▶ [WHAT YOU WILL DO] With pictures left out, output exactly the lines from the line holding "Libas Womens Printed" through the end of the data, both included.

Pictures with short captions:
**********

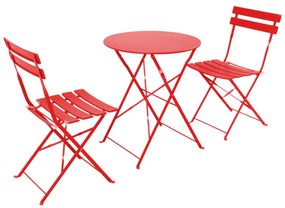Intrahome Τραπεζαρία Bistro 3τεμ Intrahome μεταλλική αναδιπλούμενη σε κόκκινη απόχρωση Φ60x71εκ | SKU: INTRAPA-320111123
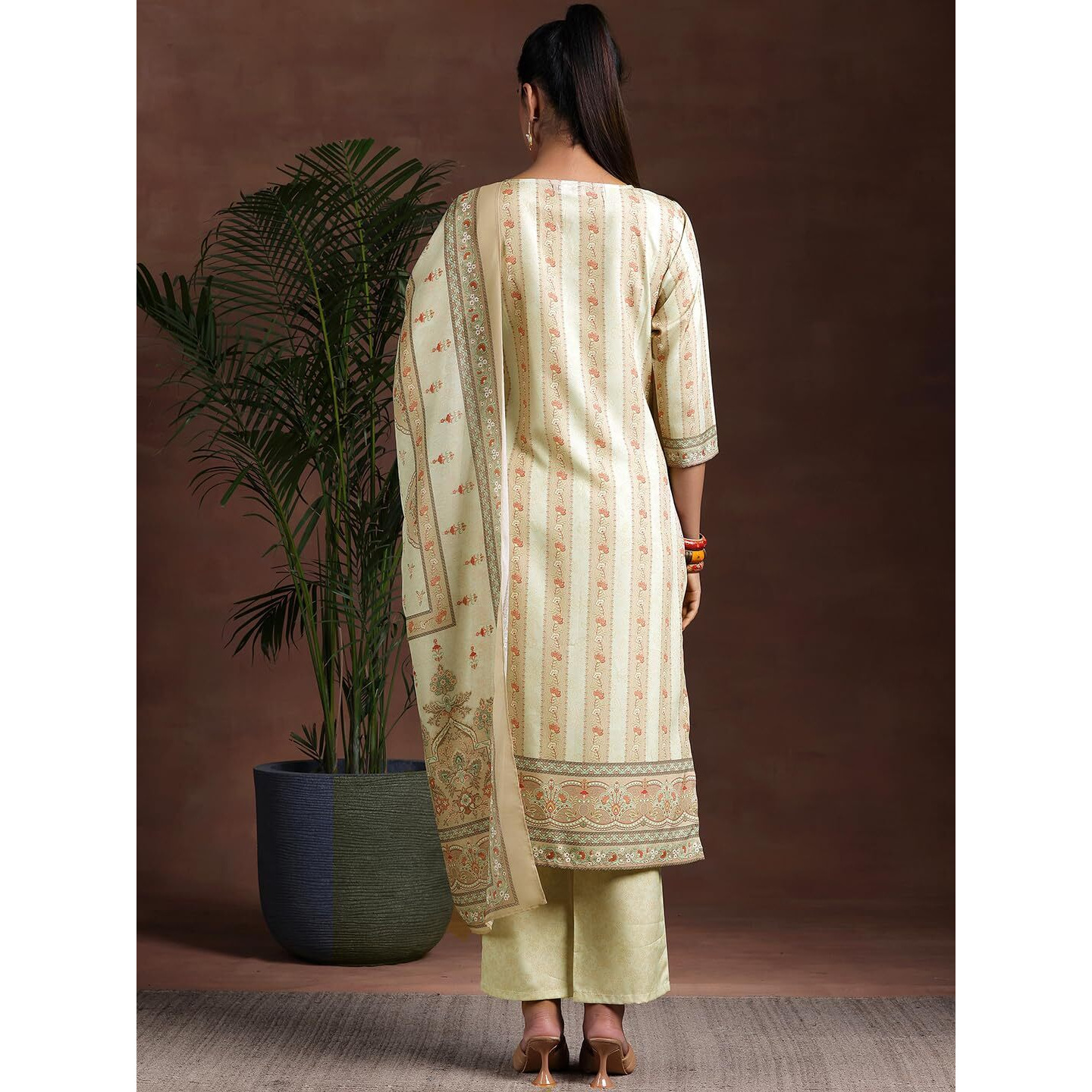 Libas Womens Printed Crepe Straight Kurta With Trousers And Dupatta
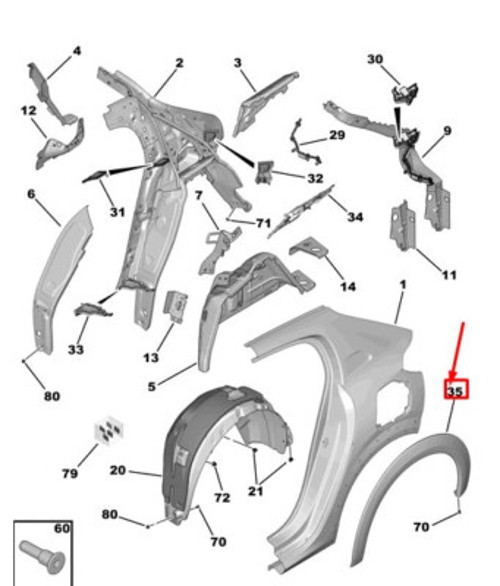 Peugeot 208 Arka Çamurluk Dodik Plastiği Sağ 2020- (Oem No: 98247224Xy)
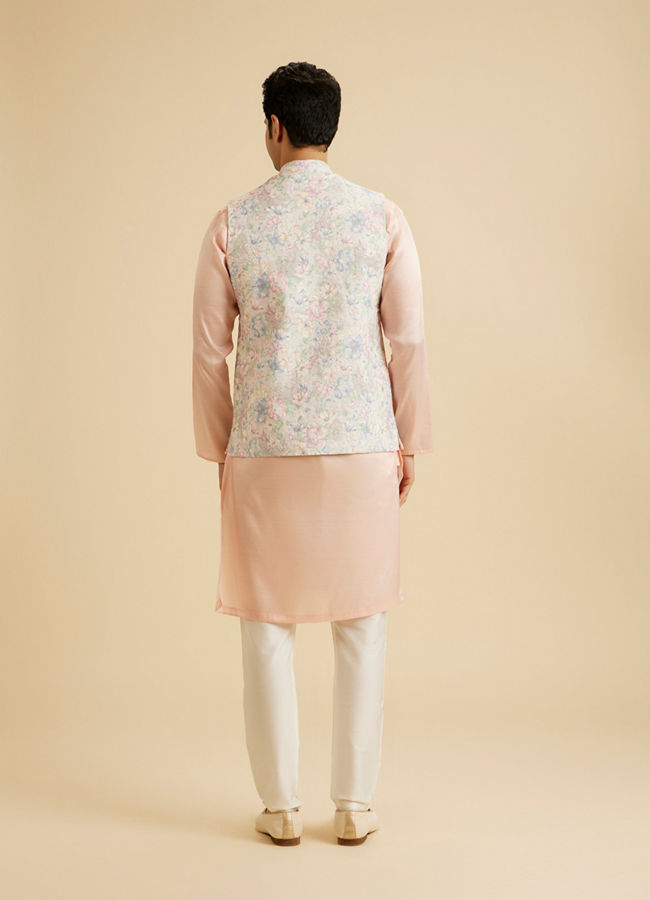 Manyavar Men Elegant Charm Cream Nehru Jacket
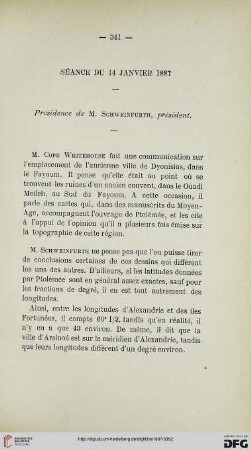 Séance du 14 Janvier 1887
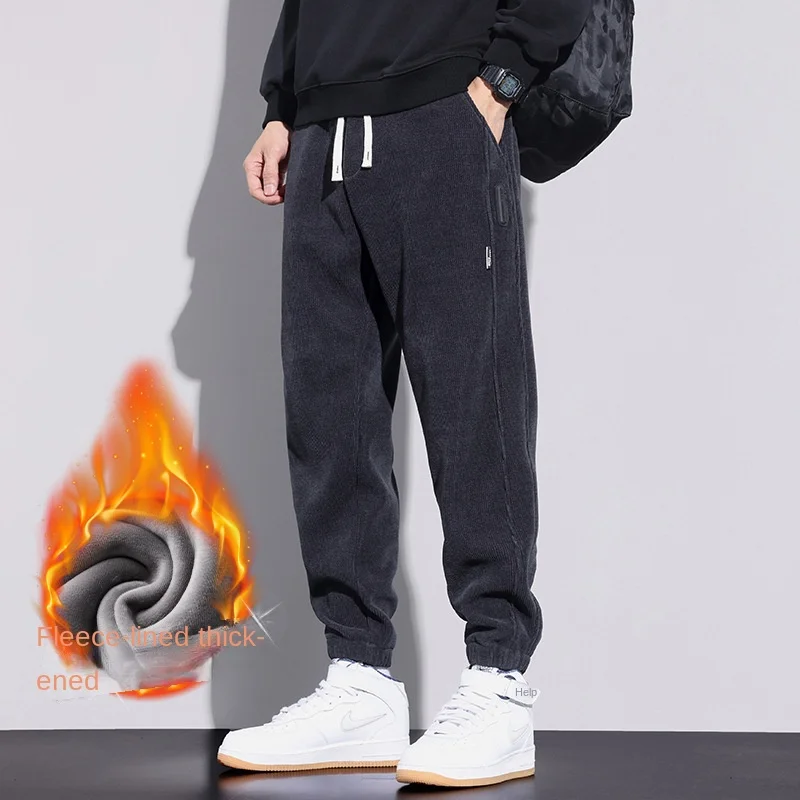 Men Baggy Pants Corduroy Sweatpants Fashion Streetwear Clothes Autumn Winter Trousers Loose Casual Fleece Plus Size 5XL Pants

**********

▶ [REPLY]
 Libas Womens Printed Crepe Straight Kurta With Trousers And Dupatta
 Peugeot 208 Arka Çamurluk Dodik Plastiği Sağ 2020- (Oem No: 98247224Xy)
 Manyavar Men Elegant Charm Cream Nehru Jacket
 Séance du 14 Janvier 1887
 Men Baggy Pants Corduroy Sweatpants Fashion Streetwear Clothes Autumn Winter Trousers Loose Casual Fleece Plus Size 5XL Pants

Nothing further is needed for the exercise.